The Environmental Studies department and the Humanities and Media and Cultural Studies department will undergo curriculum changes this year that the Educational Policy and Governance Committee (EPAG) recommended and the faculty approved in May.
 The Environmental Studies department will maintain its status as an interdisciplinary department and will hire two full-time faculty members, both of whom will start in Fall ’05. The Humanities and Media and Cultural Studies department has created a Media Studies minor and undergone a name change from Humanities and Cultural Studies.
 The committee’s recommendation for the Environmental Studies department came more than a year after the approval of a new academic structure put the department’s future in jeopardy.

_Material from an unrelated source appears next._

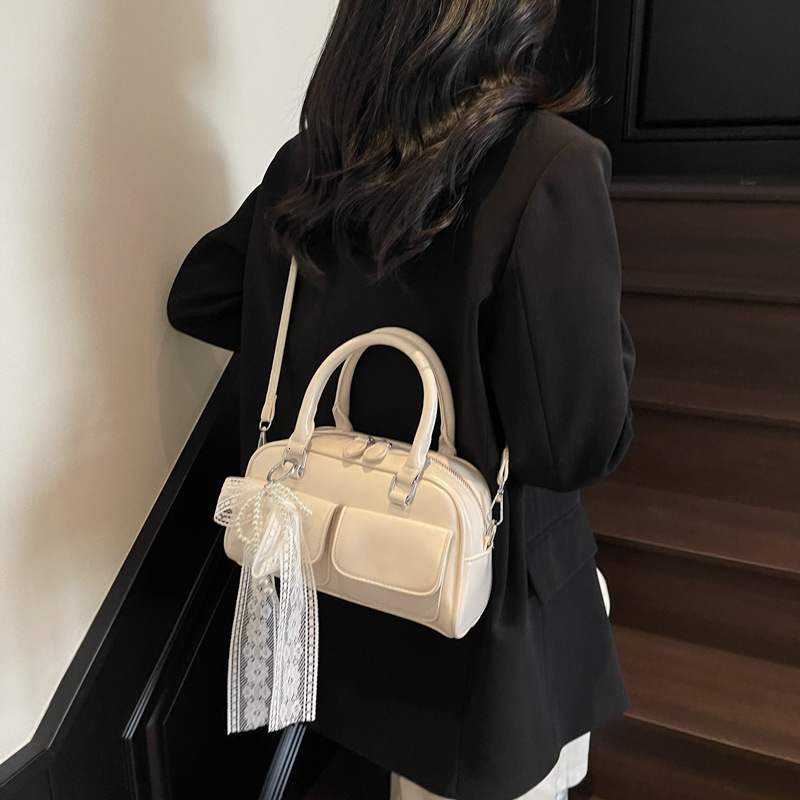 designer Trendy Niche Handheld Bowling Ball Bag for Women 2025 New Casual Versatile Shoulder Bag Soft Leather Crossbody Pillow Bag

 In February 2003, EPAG approved the new structure, which requires interdisciplinary departments to have at least two full-time faculty members. Since the Environmental Studies department previously had only one core faculty member, it was necessary for EPAG to review the department under the new policy. Under the new rules, EPAG had to either authorize the department to hire an additional faculty member, disband the department entirely, or house the department within another department.
 Last fall, Environmental Studies Professor and Acting Director of the department Brett Smith submitted a proposal to EPAG explaining why Environmental Studies deserved an additional faculty member.
 “Our feeling was that it is a truly interdisciplinary program and that it would violate the principle of Environmental Studies to say it was a sub-set of any other discipline,” Smith said.
 According to Smith, the department is now looking to hire a public policy expert and an environmental historian to expand the course offerings beyond the environmental science courses currently offered by professors from other departments. “We strongly believe that you need to have [the sciences, social sciences and humanities] all represented in order to solve environmental problems,” he said.
 Smith hopes the hires will be an asset to the entire college, as they will add an environmental dimension to the political science and history departments.
 Smith, who has a temporary position in the department, said it is not yet clear what his role will be but that he will not be one of the two full-time faculty members.
 He said that the search committee has been formed and that candidates for the positions are expected to be on campus in October and November for interviews and public presentations.
 Humanities and Media and Cultural Studies
 Clay Steinman, the chair of the newly christened Humanities and Media and Cultural Studies department, said that the most popular concentration within the Humanities and Cultural Studies major is film and media. This popularity, in addition to student discontent with the inability to have a major or minor with “media” in the title, led to the creation of the Media Studies minor.
 For the minor, students will be required to take Media Institutions, plus four other courses of which only one may be in film studies.
 Humanities and Cultural Studies is an interdisciplinary department, so its Media Studies offerings will cover a wide variety of issues by drawing on classes from departments such as International Studies and Hispanic Studies. Whereas many other colleges have Media Studies programs that focus on production, Macalester’s program is heavily academic with a concentration on media criticism and analysis. “We offer one of the top media studies programs at a liberal arts college in the nation—I’m just thrilled with our program,” Steinman said.
 In one of the many curriculum changes last year, the faculty voted to dissolve the Communication and Media Studies department. Professors Leola Johnson and Steinman moved into Humanities and Cultural Studies, and Professor Adrienne Christensen is now housed in the Political Science department.
 Last year’s curriculum issues included an extensive debate over the future of the Russian department, which culminated with a faculty vote to keep the department. Urban Studies became a concentration within Geography, and Latin American Studies and Spanish combined to form Hispanic Studies.